**Problem statement**
Transcribe each entry so that nothing differs from the original.

***** Records supplied *****

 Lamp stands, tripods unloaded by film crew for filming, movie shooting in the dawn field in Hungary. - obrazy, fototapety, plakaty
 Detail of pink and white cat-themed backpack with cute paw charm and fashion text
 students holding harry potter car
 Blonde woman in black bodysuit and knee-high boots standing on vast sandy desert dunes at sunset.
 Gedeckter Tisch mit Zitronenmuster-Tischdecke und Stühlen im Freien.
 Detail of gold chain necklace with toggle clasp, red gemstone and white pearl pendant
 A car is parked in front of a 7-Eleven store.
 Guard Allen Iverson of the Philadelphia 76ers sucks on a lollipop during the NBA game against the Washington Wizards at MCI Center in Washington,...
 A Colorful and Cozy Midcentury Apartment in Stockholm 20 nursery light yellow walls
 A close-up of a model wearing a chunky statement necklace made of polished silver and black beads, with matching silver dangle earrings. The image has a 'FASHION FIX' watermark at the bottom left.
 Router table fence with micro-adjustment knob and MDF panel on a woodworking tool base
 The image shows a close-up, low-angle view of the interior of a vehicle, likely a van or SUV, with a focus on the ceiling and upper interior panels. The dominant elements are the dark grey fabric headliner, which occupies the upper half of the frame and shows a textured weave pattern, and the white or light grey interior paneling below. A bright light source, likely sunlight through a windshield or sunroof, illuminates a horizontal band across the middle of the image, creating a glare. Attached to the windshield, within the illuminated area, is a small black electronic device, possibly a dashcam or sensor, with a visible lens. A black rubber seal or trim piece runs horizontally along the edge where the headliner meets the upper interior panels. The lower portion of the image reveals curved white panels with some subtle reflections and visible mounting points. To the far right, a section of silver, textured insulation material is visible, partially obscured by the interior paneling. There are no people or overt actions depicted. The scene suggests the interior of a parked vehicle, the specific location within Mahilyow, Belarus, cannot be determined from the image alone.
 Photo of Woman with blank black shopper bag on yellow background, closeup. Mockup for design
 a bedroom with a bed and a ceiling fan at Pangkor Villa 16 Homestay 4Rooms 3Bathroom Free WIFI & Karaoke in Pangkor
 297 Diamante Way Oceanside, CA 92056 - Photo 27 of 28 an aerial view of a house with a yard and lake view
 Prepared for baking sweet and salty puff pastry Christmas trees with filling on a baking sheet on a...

*****

**Your solution**
 Lamp stands, tripods unloaded by film crew for filming, movie shooting in the dawn field in Hungary. - obrazy, fototapety, plakaty
 Detail of pink and white cat-themed backpack with cute paw charm and fashion text
 students holding harry potter car
 Blonde woman in black bodysuit and knee-high boots standing on vast sandy desert dunes at sunset.
 Gedeckter Tisch mit Zitronenmuster-Tischdecke und Stühlen im Freien.
 Detail of gold chain necklace with toggle clasp, red gemstone and white pearl pendant
 A car is parked in front of a 7-Eleven store.
 Guard Allen Iverson of the Philadelphia 76ers sucks on a lollipop during the NBA game against the Washington Wizards at MCI Center in Washington,...
 A Colorful and Cozy Midcentury Apartment in Stockholm 20 nursery light yellow walls
 A close-up of a model wearing a chunky statement necklace made of polished silver and black beads, with matching silver dangle earrings. The image has a 'FASHION FIX' watermark at the bottom left.
 Router table fence with micro-adjustment knob and MDF panel on a woodworking tool base
 The image shows a close-up, low-angle view of the interior of a vehicle, likely a van or SUV, with a focus on the ceiling and upper interior panels. The dominant elements are the dark grey fabric headliner, which occupies the upper half of the frame and shows a textured weave pattern, and the white or light grey interior paneling below. A bright light source, likely sunlight through a windshield or sunroof, illuminates a horizontal band across the middle of the image, creating a glare. Attached to the windshield, within the illuminated area, is a small black electronic device, possibly a dashcam or sensor, with a visible lens. A black rubber seal or trim piece runs horizontally along the edge where the headliner meets the upper interior panels. The lower portion of the image reveals curved white panels with some subtle reflections and visible mounting points. To the far right, a section of silver, textured insulation material is visible, partially obscured by the interior paneling. There are no people or overt actions depicted. The scene suggests the interior of a parked vehicle, the specific location within Mahilyow, Belarus, cannot be determined from the image alone.
 Photo of Woman with blank black shopper bag on yellow background, closeup. Mockup for design
 a bedroom with a bed and a ceiling fan at Pangkor Villa 16 Homestay 4Rooms 3Bathroom Free WIFI & Karaoke in Pangkor
 297 Diamante Way Oceanside, CA 92056 - Photo 27 of 28 an aerial view of a house with a yard and lake view
 Prepared for baking sweet and salty puff pastry Christmas trees with filling on a baking sheet on a...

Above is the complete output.